§ **Task brief**
Find the line containing "MinHacienda presentará recorte" in the entries; transcribe it and all remaining lines through the end, exactly as they appear, but not the pictures.

[Data items]
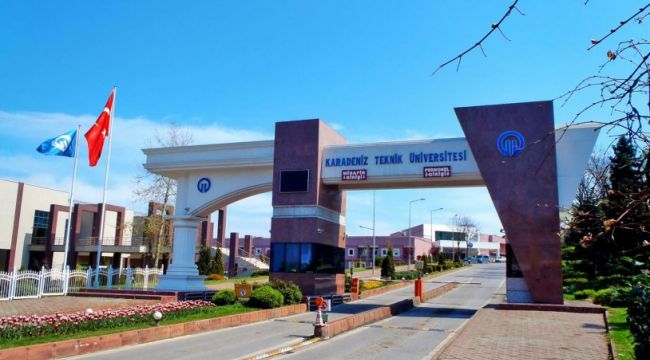 KTÜ'de sınavı iptal edip listeyi değiştirdiler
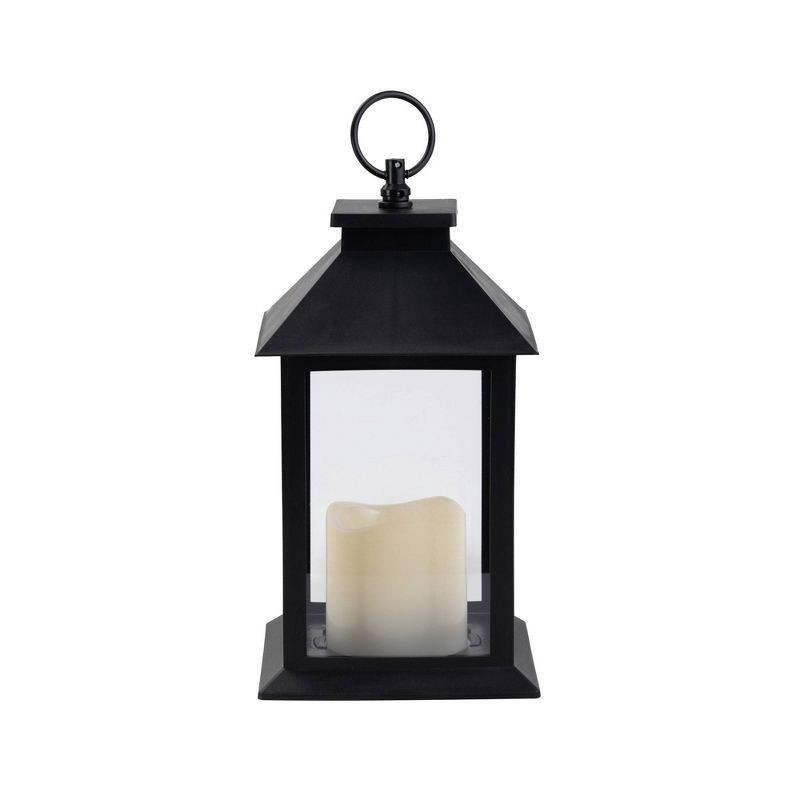 slide 1 of 3, Merkury Innovations 10" Outdoor Lantern, 1 ct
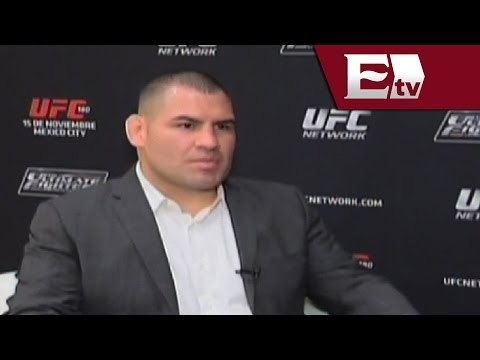 UFC en México, se da a conocer el cartel / Rigoberto Plascencia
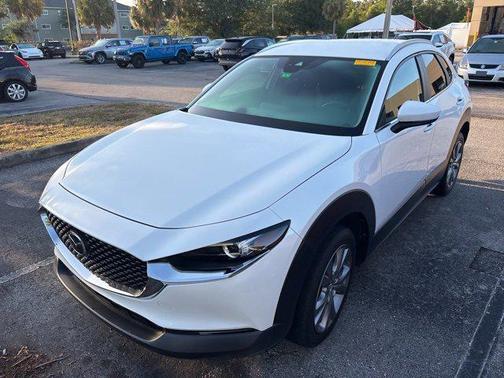 2022 Mazda CX-30 Select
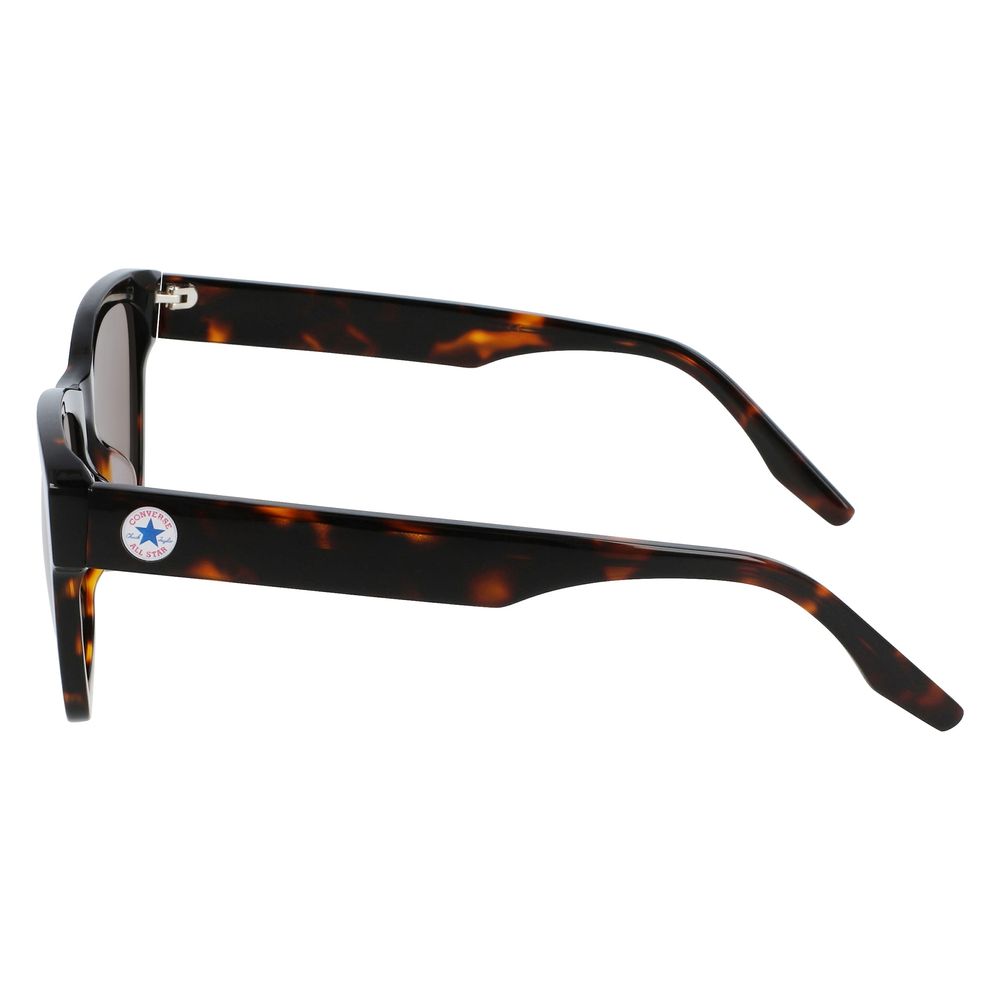 Occhiali da sole Converse in acetato marrone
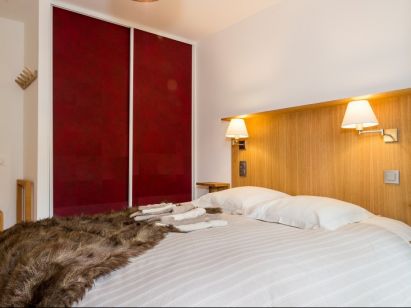 Appartement Les Loges Blanches 1e etage-2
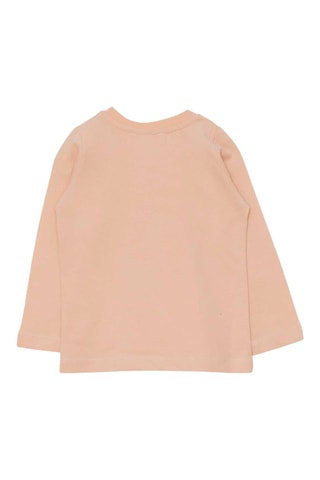 T-shirt - 
Beige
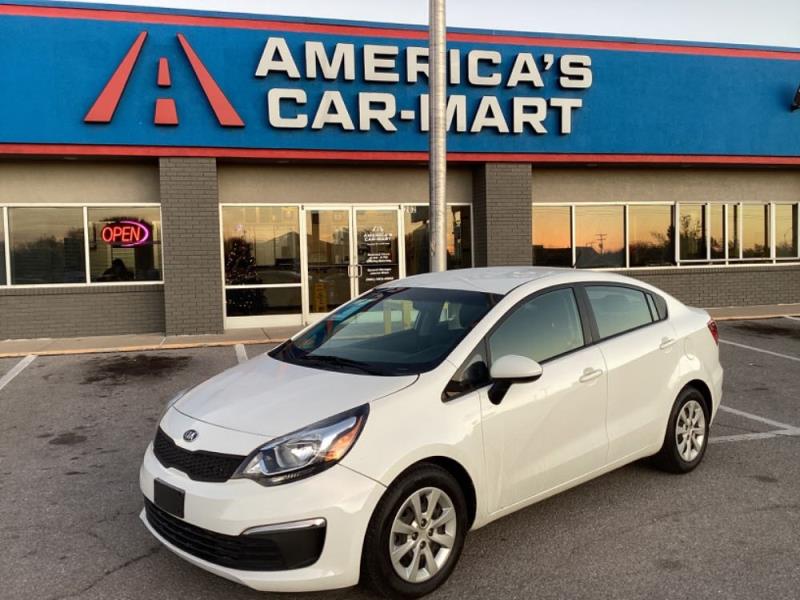 2016 Kia Rio LX's photo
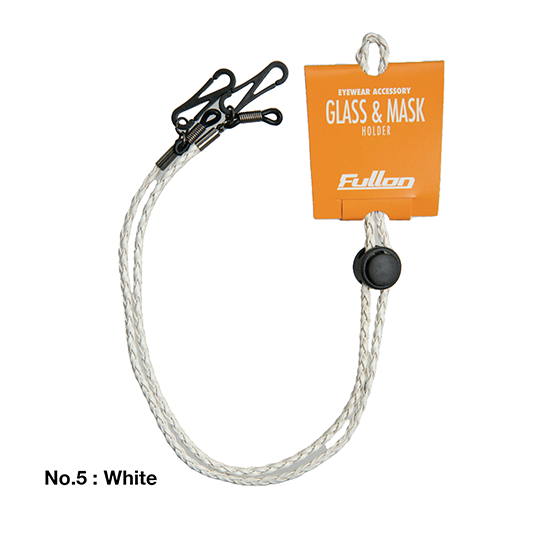 Glasses (& Mask) holder solid-colour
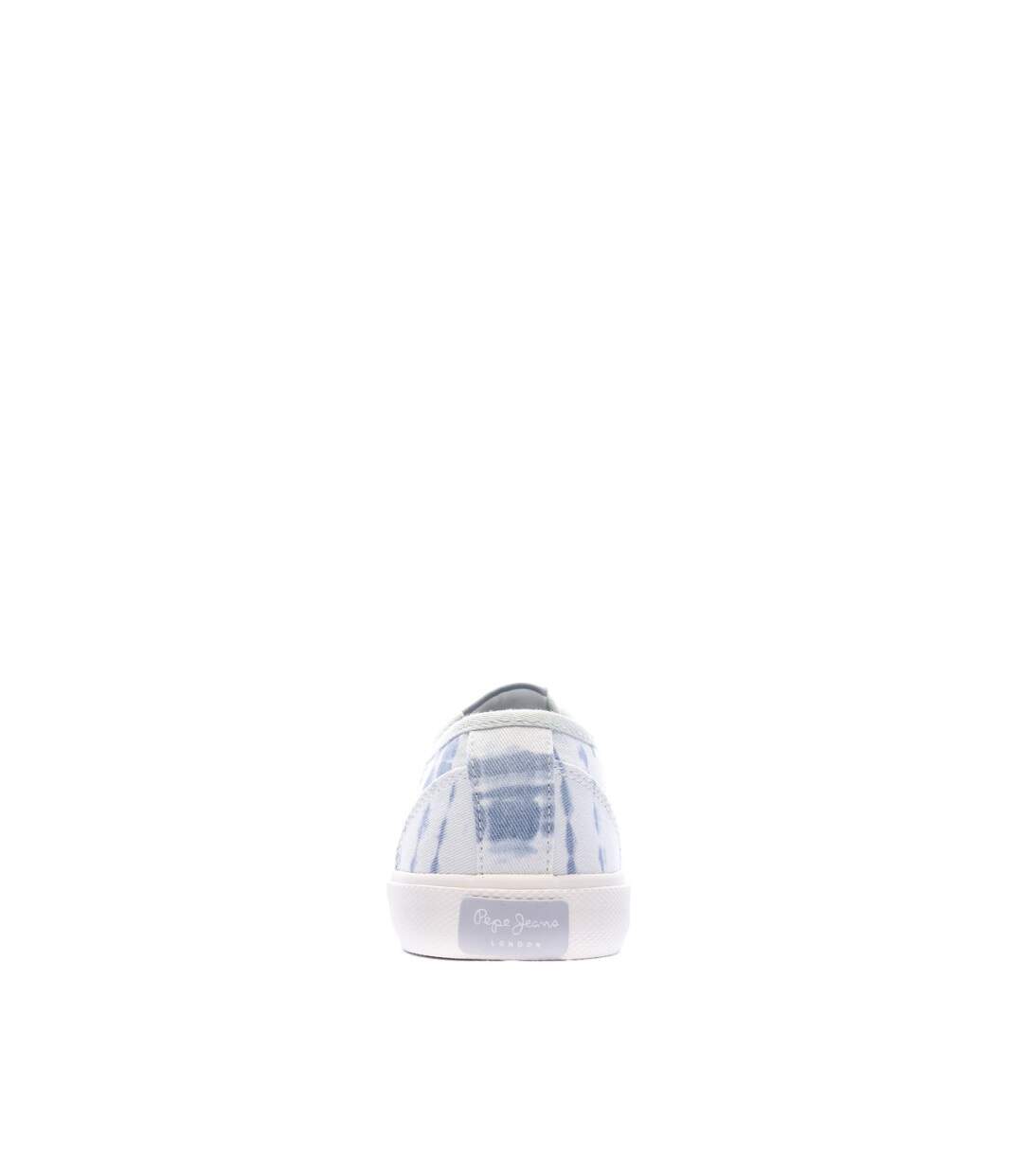 Baskets Bleu Femme Pepe jeans Brady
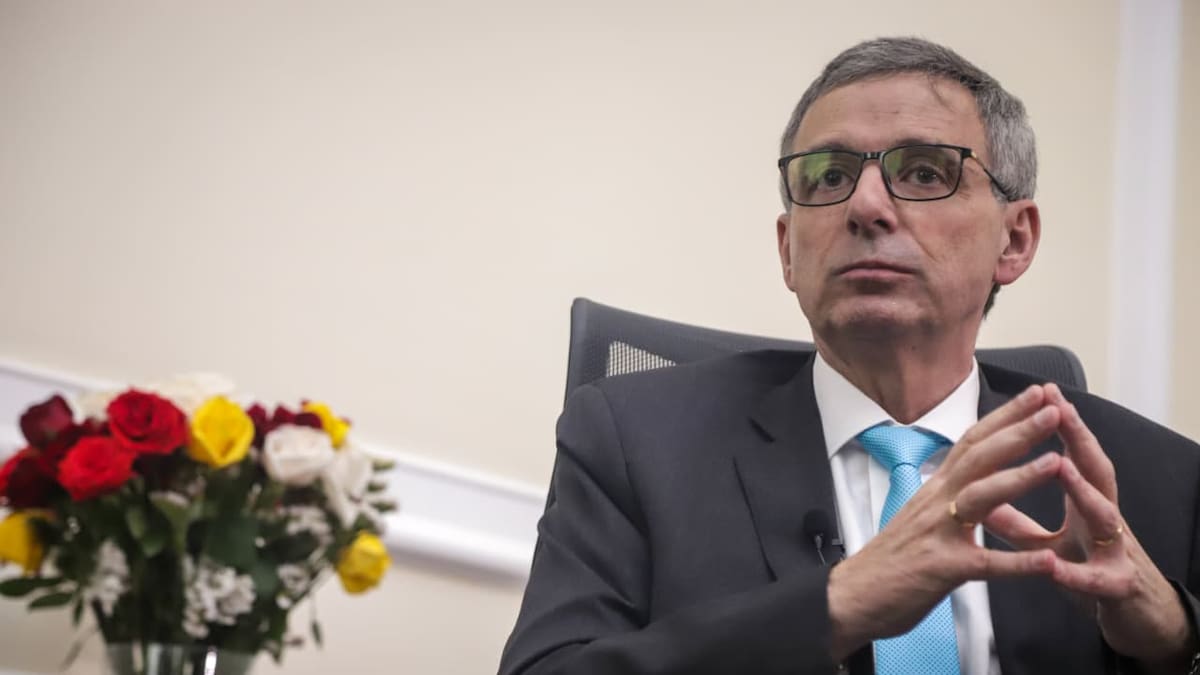 MinHacienda presentará recorte de $ 21,9 billones gasto público 2026 :“no es una reforma tributaria”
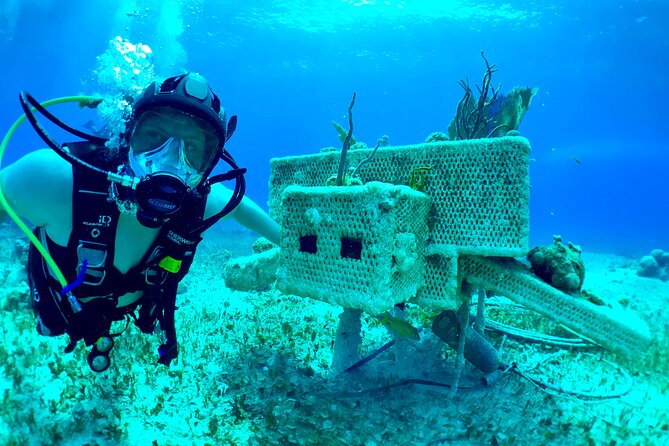 Diving For People Without Experience - The Step-by-Step Flow, From Class to Practice to Guided Water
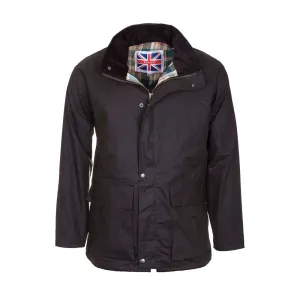 Mens Cawood Lined Wax Jacket 3 Colours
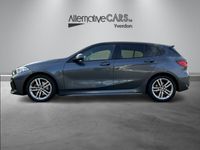 gebraucht BMW 118 i M Sport Steptronic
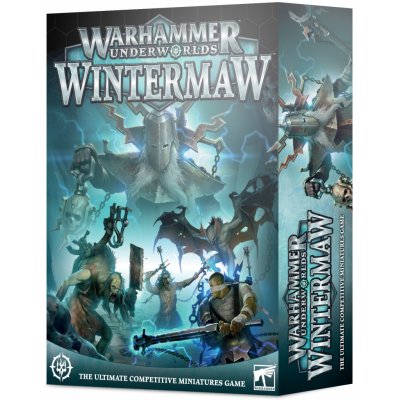 GW Warhammer Underworlds: Wintermaw – Hledejceny.cz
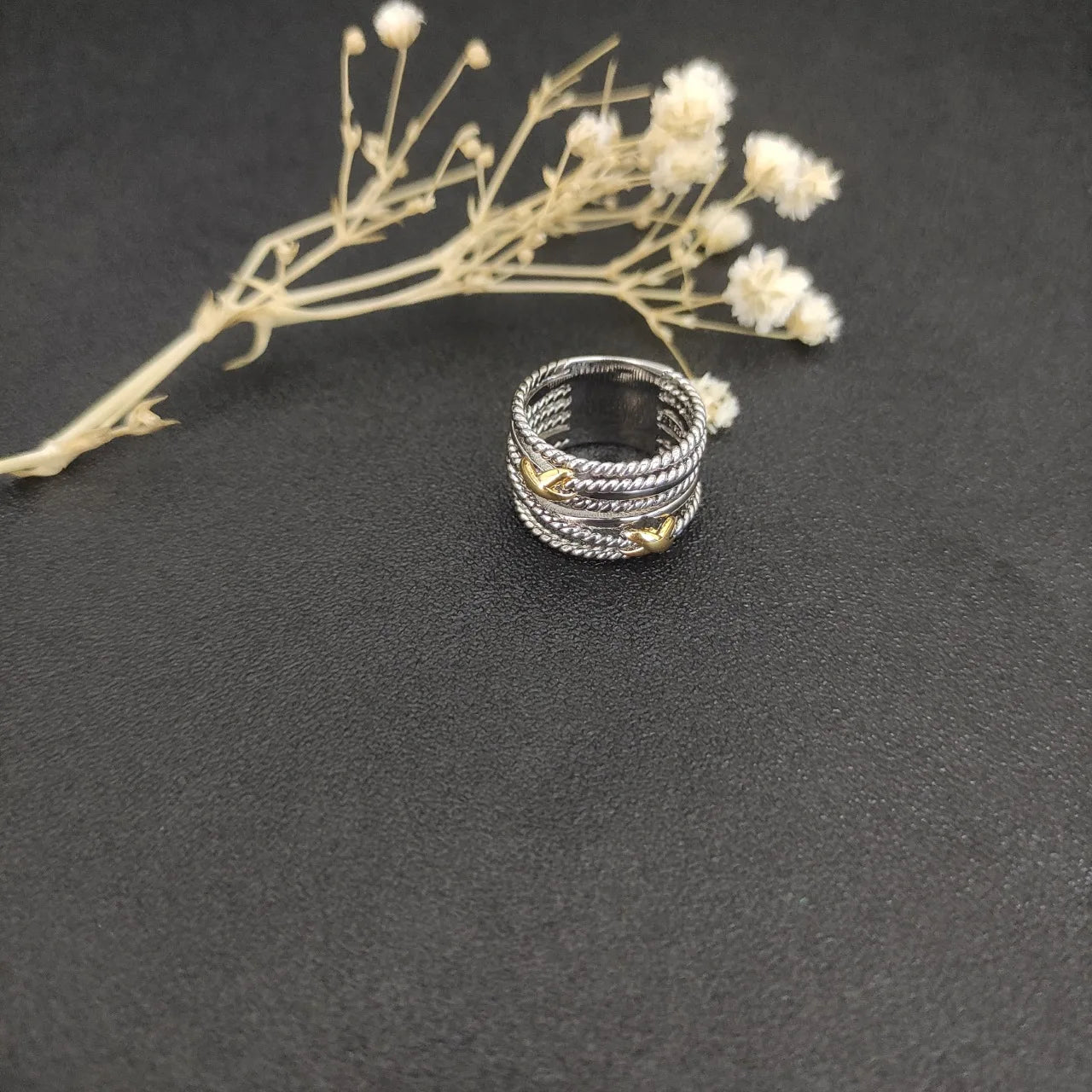 Ring Collection for Women — Certified Fine Jewellery Gift Set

§ **Output for this exercise**
 MinHacienda presentará recorte de $ 21,9 billones gasto público 2026 :“no es una reforma tributaria”
 Diving For People Without Experience - The Step-by-Step Flow, From Class to Practice to Guided Water
 Mens Cawood Lined Wax Jacket 3 Colours
 gebraucht BMW 118 i M Sport Steptronic
 GW Warhammer Underworlds: Wintermaw – Hledejceny.cz
 Ring Collection for Women — Certified Fine Jewellery Gift Set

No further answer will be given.